Step 1: Install the Kubeflow training-operator

kubectl apply -k "github.com/kubeflow/training-operator/manifests/overlays/standalone?ref=v1.7.0"
Verify the training-operator is running:
kubectl get pods -n kubeflow
# NAME                                 READY   STATUS    RESTARTS   AGE
# training-operator-xxxxxxxxx-xxxxx    1/1     Running   0          60s
The training-operator also supports TensorFlow (TFJob), MPI (MPIJob), XGBoost (XGBoostJob), and Paddle (PaddleJob). Installing it once enables all these job types.

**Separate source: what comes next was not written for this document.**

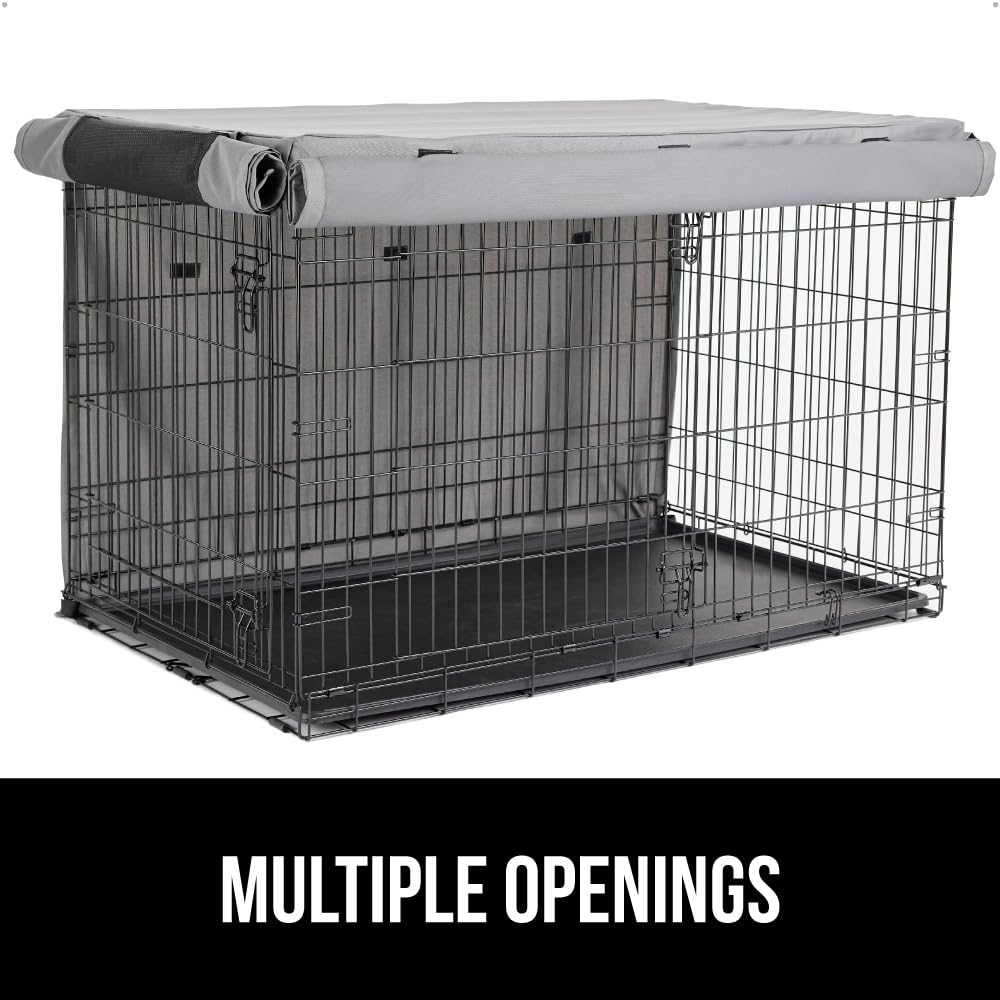 GORILLA GRIP Dog Crate Covers Compatible with Amazon Basics Dog Crates, All Sides Open, Privacy Cover Fits 36" Wire Kennel, Breathable Mesh Windows, Light Reducing Puppy Training Cage Topper, Gray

Step 2: Enable the PyTorch plugin in Flyte

Create a values-pytorch.yaml override file:
configuration:
  inline:
    tasks:
      task-plugins:
        enabled-plugins:
          - container
          - sidecar
          - k8s-array
          - pytorch
        default-for-task-types:
          - container: container
          - container_array: k8s-array
          - pytorch: pytorch
Apply the override:
helm upgrade flyte-backend flyteorg/flyte-binary \
  --namespace flyte \
  --values values.yaml \
  --values values-pytorch.yaml

Step 3: Write a distributed PyTorch task

Install the flytekit PyTorch plugin:
pip install flytekitplugins-kfpytorch

Single-worker PyTorch task

from flytekit import task, workflow
from flytekitplugins.kfpytorch import PyTorch, Worker


@task(
    task_config=PyTorch(
        worker=Worker(replicas=1),
    )
)
def single_node_training() -> float:
    import torch
    x = torch.tensor([1.0, 2.0, 3.0])
    return x.mean().item()


@workflow
def single_node_wf() -> float:
    return single_node_training()

Multi-worker distributed training

from flytekit import task, workflow, Resources
from flytekitplugins.kfpytorch import PyTorch, Worker, Master


@task(
    task_config=PyTorch(
        master=Master(num_retries=3),
        worker=Worker(
            replicas=4,
            resources=Resources(
                cpu="4",
                mem="16Gi",
                gpu="1",
            ),
        ),
        run_policy=dict(
            clean_pod_policy="Running",
        ),
    ),
    requests=Resources(cpu="2", mem="4Gi"),
    limits=Resources(cpu="4", mem="8Gi"),
)
def distributed_training(num_epochs: int = 10) -> float:
    import os
    import torch
    import torch.distributed as dist

    # Initialize the process group
    dist.init_process_group(backend="nccl")
    rank = dist.get_rank()
    world_size = dist.get_world_size()

    # Training code here
    local_loss = torch.tensor(float(rank))
    dist.all_reduce(local_loss, op=dist.ReduceOp.SUM)
    avg_loss = local_loss.item() / world_size

    dist.destroy_process_group()
    return avg_loss


@workflow
def distributed_wf(num_epochs: int = 10) -> float:
    return distributed_training(num_epochs=num_epochs)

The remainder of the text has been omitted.